Diet Patch Spammers Settle With FTC

The bogus diet patch spammers settled with the Federal Trade Commission (FTC) Thursday on charges they violated the CAN-SPAM Act and other federal laws.

Last year, Phoenix Avatar and its principals fought the charges, claiming they could not be held liable because the FTC could not prove that they actually sent the spam.

Thursday’s settlement bars the defendants from making false or misleading claims for their products or services and bars unsubstantiated health, efficacy or safety claims.

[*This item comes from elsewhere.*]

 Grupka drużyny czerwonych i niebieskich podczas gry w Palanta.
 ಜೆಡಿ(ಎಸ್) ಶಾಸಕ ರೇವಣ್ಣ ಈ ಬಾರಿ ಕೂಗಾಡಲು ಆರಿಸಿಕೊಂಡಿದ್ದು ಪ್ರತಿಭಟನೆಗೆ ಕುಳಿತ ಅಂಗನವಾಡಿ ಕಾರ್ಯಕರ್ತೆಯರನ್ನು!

The settlement provides for a suspended judgment of $230,000, the total amount of diet patch sales. Instead, the defendants will pay $20,000. But, if the FTC finds that Phoenix Avatar cooked its books, the entire $230,000 will be due.

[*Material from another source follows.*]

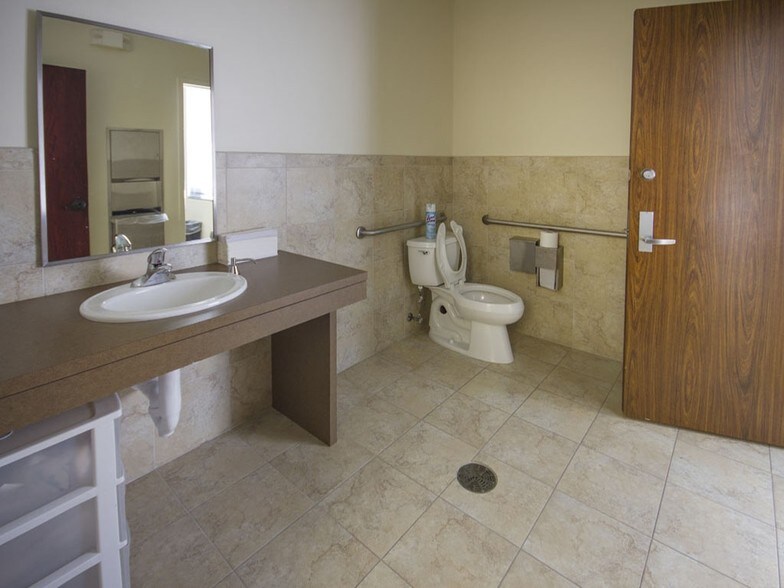 More Photos Of 4393 Sunbelt Dr, Addison Flex For Lease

In April 2004, the FTC filed suit in U.S. District Court charging Daniel J.

Lin, Mark M. Sadek, James Lin, Christopher M. Chung and their company

with violating the CAN-SPAM Act and the FTC Act by marketing bogus

diet patches using massive amounts of illegal spam.

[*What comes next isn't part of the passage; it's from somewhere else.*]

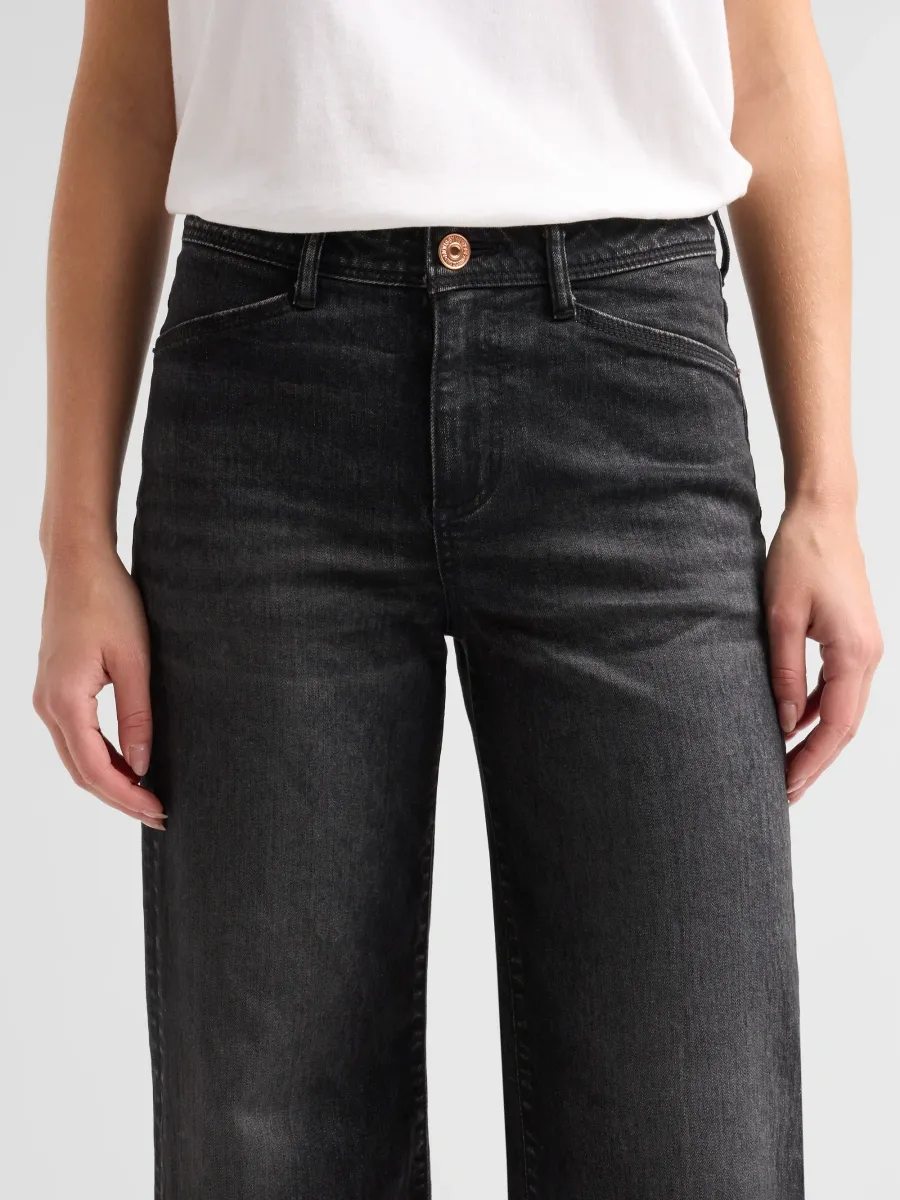 Moussy Vintage Women's Greene Flared Jeans | Thumbnail 5 Moussy Vintage Women's Greene Flared Jeans | Thumbnail 5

Although the FTC won a temporary restraining order halting the

unsubstantiated claims and freezing the defendants’ assets pending trial,

Phoenix Avatar appealed on the grounds that marketing affiliates, not

Phoenix Avatar, sent the spam.

In July, U.S. District Court Judge James Holderman issued an order finding

that CAN-SPAM liability “is not limited to those who physically cause spam

to be transmitted, but also extends to those who ‘procure the origination’

of offending spam.” The court held that the FTC had amassed a “persuasive

chain of evidence” connecting the defendants to violations of the CAN-SPAM

Act and the FTC Act.

The new settlement ends the litigation with a stipulated order for permanent

injunction and final judgment. The final order bars the defendants from

using false header information or not providing a mechanism by which

consumers can opt out of further e-mail messages.